**Task item**
Leave out every picture, and output exactly the lines from the line containing "Baumwoll- Leichtsteppbett Summerline" through the last line of the data.

═══ Extracted material ═══

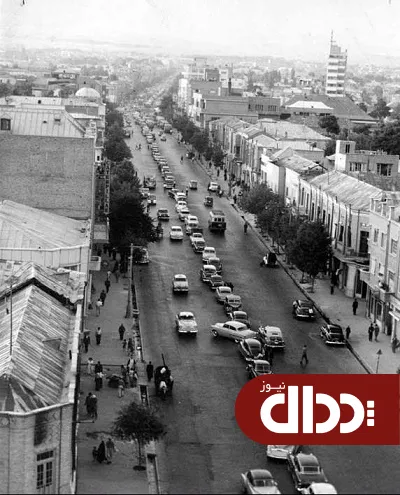 عکس/ پارک ماشین در وسط خیابان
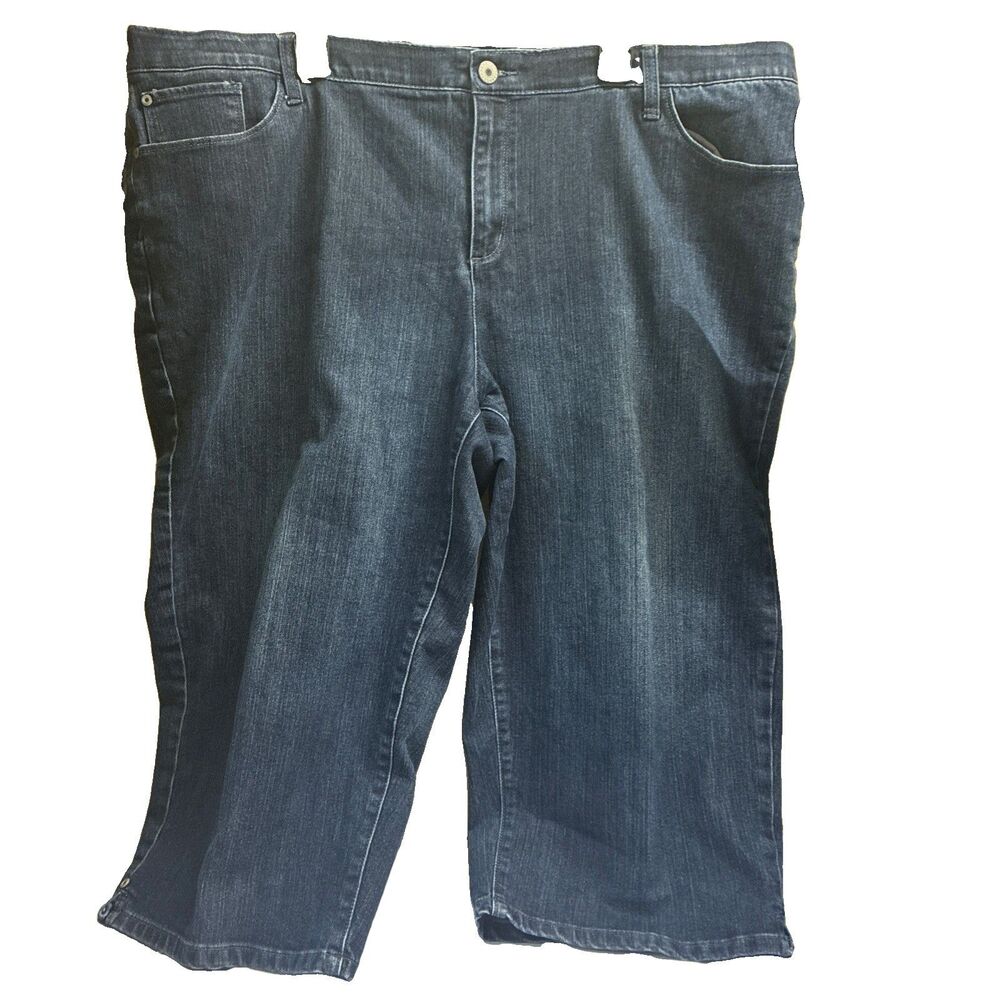 CJ Banks 24W Capri Jeans Blue Denim - Straight Fit - Comfort Waist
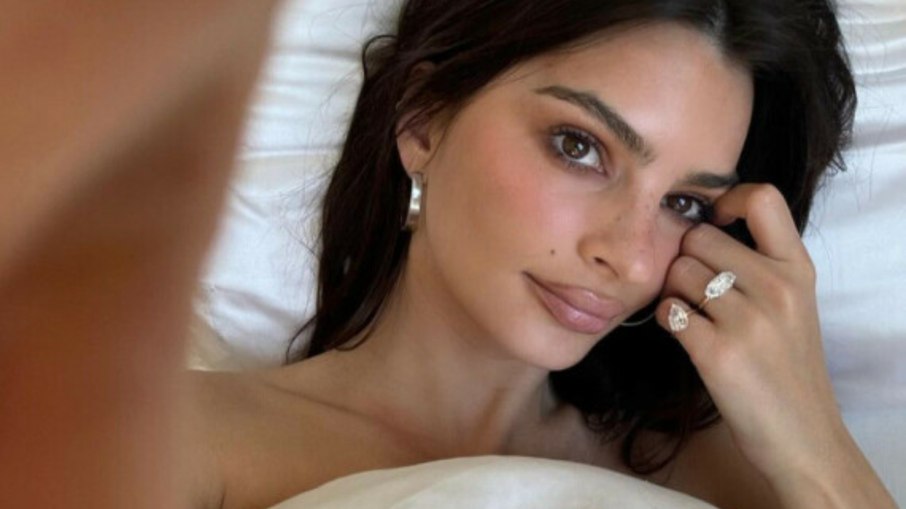 Emily Ratajkowski se declara ao RJ em visitante ao Brasil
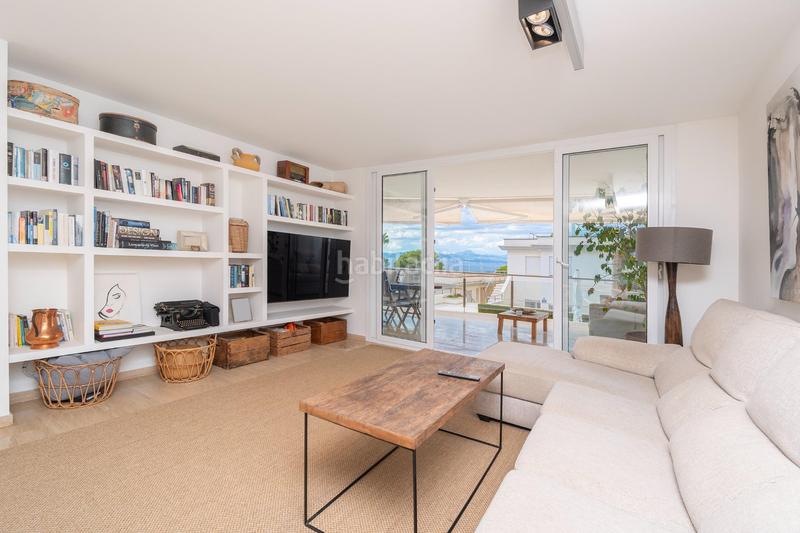 Foto 244d3205-6d9a-4a41-a426-07743e4710fc. Alquiler piso vive el mediterraneo piso con piscina y mar a tus pies en Llucmajor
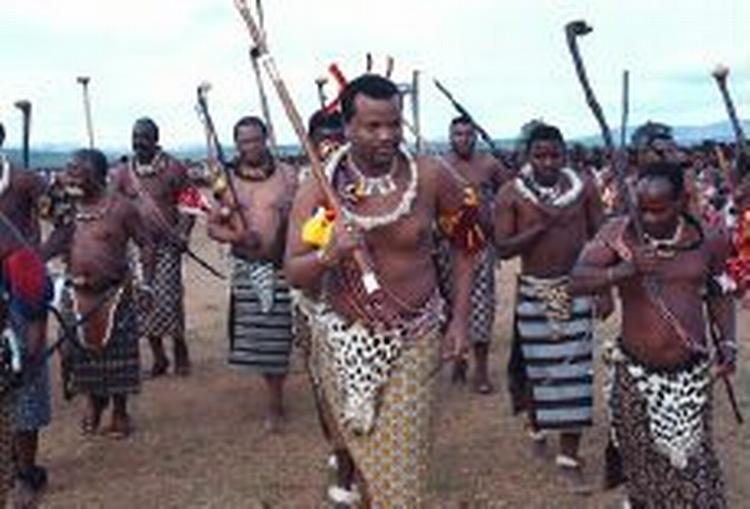 Kongen af Swaziland, Mswati, der her danser forrest ved en ceremoni i 2002 mødte samme år sin nyeste hustru. - Foto: Jesper Strudsholm 
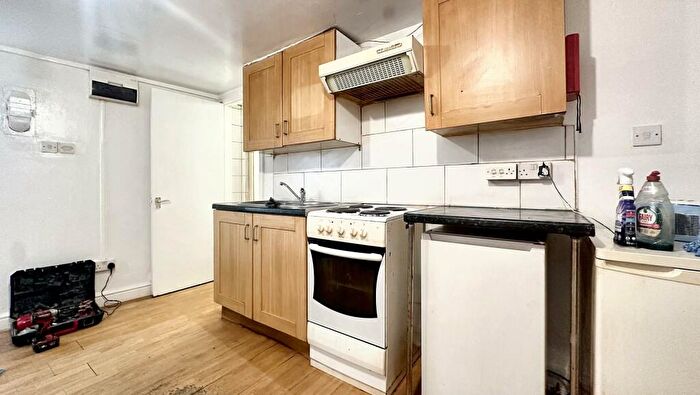 House To Rent In Church Road, Lawrence Hill, BS5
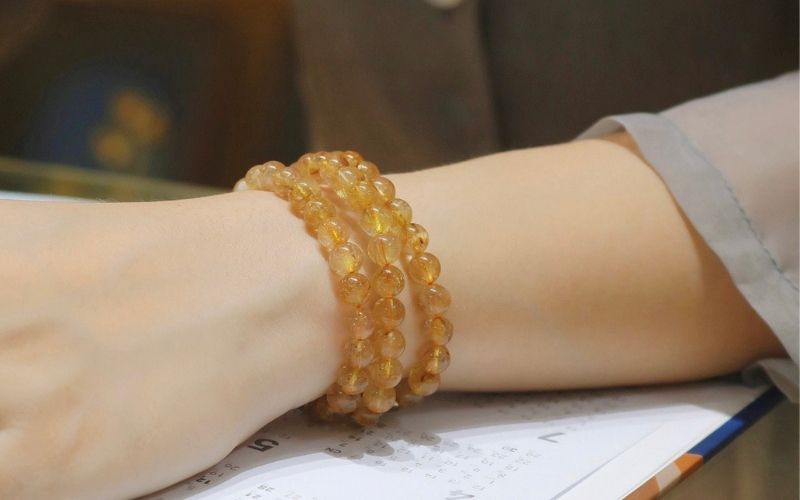 Đeo đá phong thủy màu vàng mệnh Thổ tương sinh với bản mệnh Kim của Quý Mão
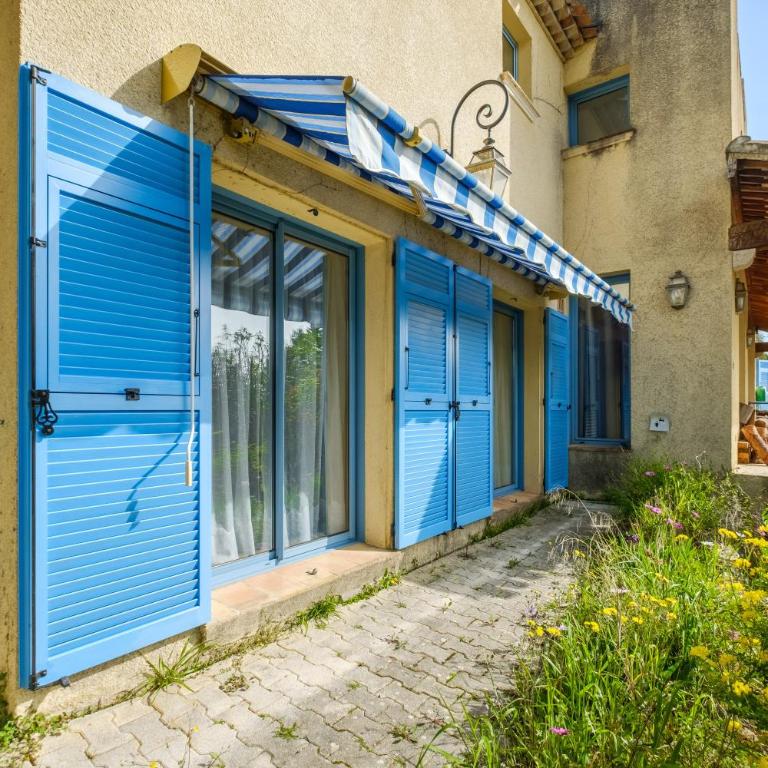 Appartement Numéro 1 - piscine - Villa - Vue sur Jardin - 3
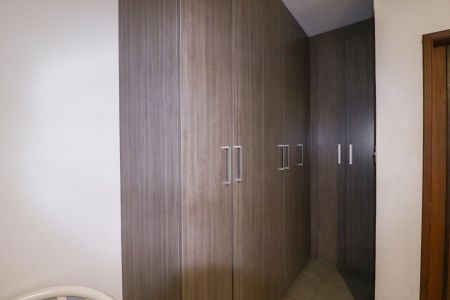 Casa à venda com 103m², 2 quartos e 2 vagasSuíte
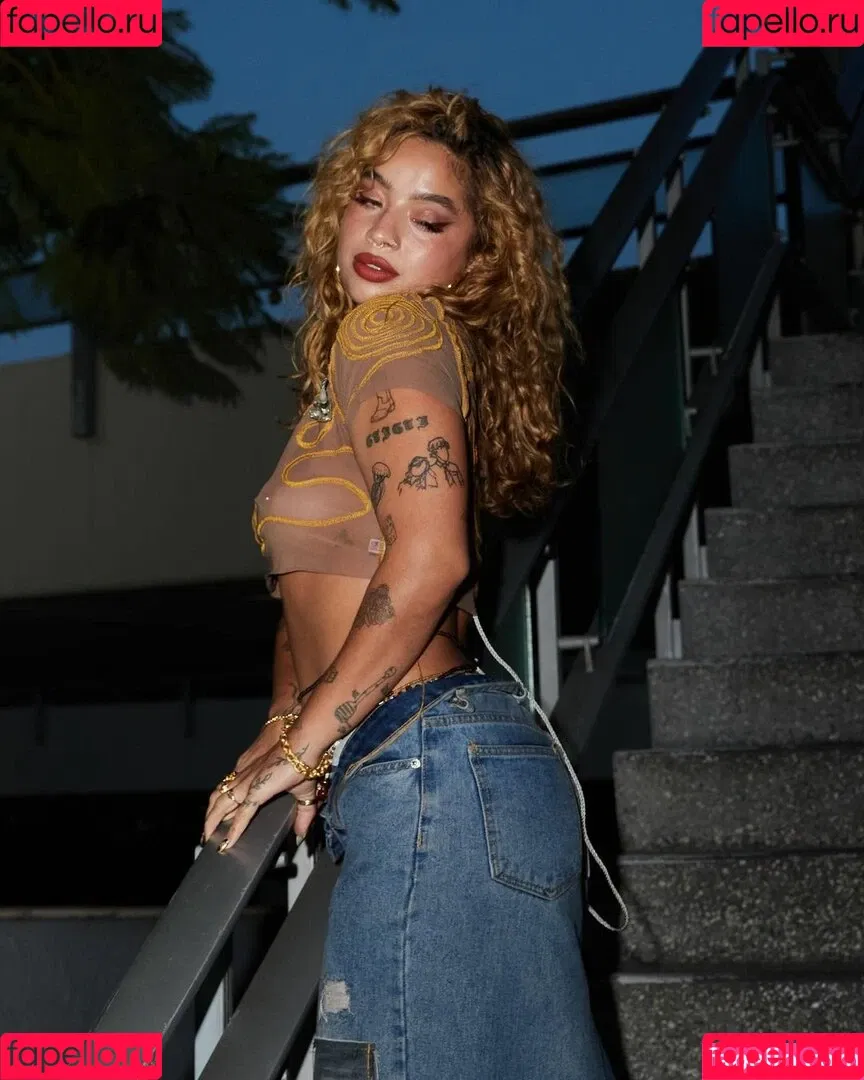 Kiana Ledé Onlyfans Photo Gallery 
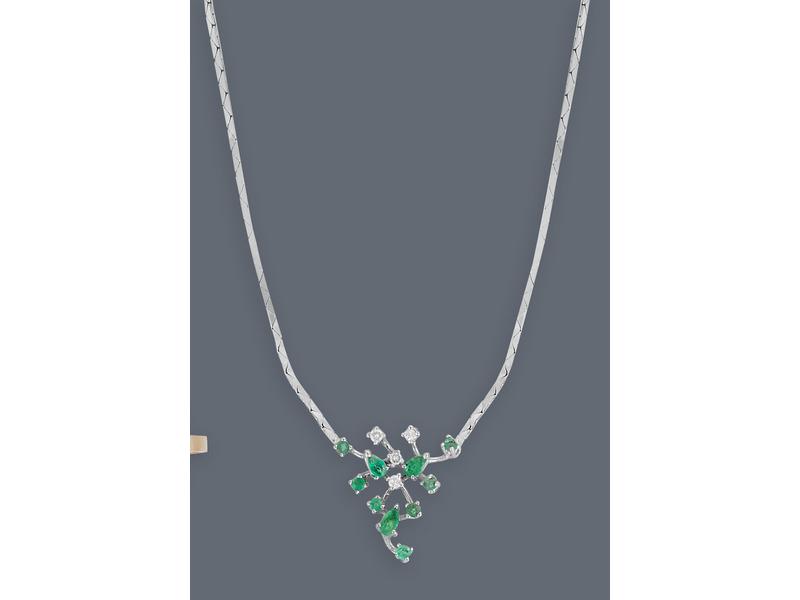 COLLIER en or gris (750) à motif central...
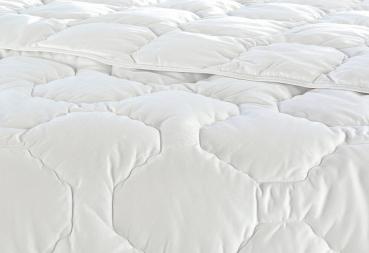 Baumwoll- Leichtsteppbett Summerline 155x220 cm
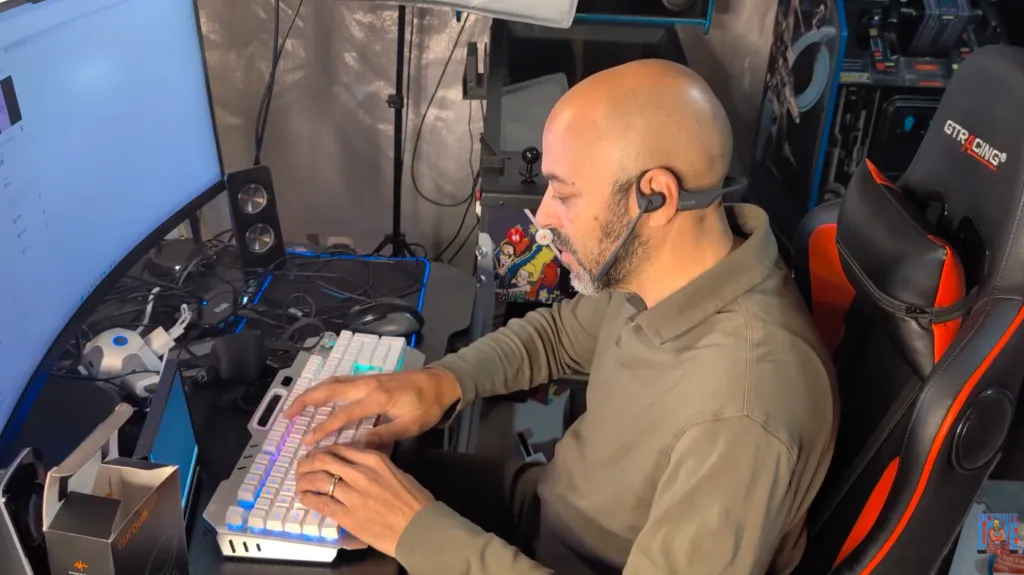 Detroit Love wearing Nuroum open ear pro 2.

═══

**Response area**
 Baumwoll- Leichtsteppbett Summerline 155x220 cm
 Detroit Love wearing Nuroum open ear pro 2.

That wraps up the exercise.